In fact, Lao has often been criticised for preaching a creed of passivity and resignation. This idea of people not really thinking and just doing might be a good example of this. Shouldn’t Lao be advising people to think about their situation? Shouldn’t we be analysing things first then acting? Well, Lao is not advocating passivity or resignation. He is advocating action and recognising that this is what happens first. The peasants and working class of the Russian revolution didn’t sit around arguing whether it was better to be a dialectical materialist rather than one of those vodka swilling dialectical idealists. They thought no more than, “Bloody hell it’s cold and I’m starving. Let’s go and see what old Alex has got over at the Winter Palace.”

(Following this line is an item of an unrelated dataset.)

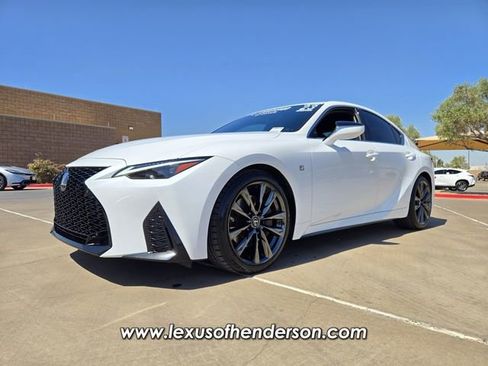 Certified 2023 Lexus IS 350 F Sport w/ Navigation Package RWD image 2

Why should we waste our time and our effort in agonising over the unexplainable? In the hope that progress is made…perhaps as an offshoot? Why not just teach? Why not just use language? The argument will be that because if we just taught that would mean that learners would still be sitting down translating the works of Shakespeare into Urdu. But that’s also the antithesis of Taoist EFL. Remember, the grammar translation method was there to force people to break the language down into grammatical structures. It also rested on the assumption that because it had been said in English, the same idea must exist in Urdu. Taoist EFL wouldn’t say that. Taoist EFL would say that language is about who you are and what your world looks like. It would expect you to use language to shape yourself and your world. The Taoist teacher would make room for your language to perform this task and would guide it to an effective way of achieving it. One way of doing this is to trust that nature will take care of providing a syllabus: learners will need to learn what they need to learn. This is a big concept for people to get their heads around. Without the guiding path of a syllabus (based, more often than not, on what sells books rather than anything else), people cannot trust that everything that needs to be covered will be covered. Thornbury made the point that grammar should be uncovered rather than covered. And I have to admit that the first image that comes into my mind when I think of things that are covered is a coroner pulling a sheet over a dead body. But for those people who are untrusting of the idea that people’s need for grammar will emerge from their need to be understood, Lao reminds us that, “To give no trust/Is to get no trust.”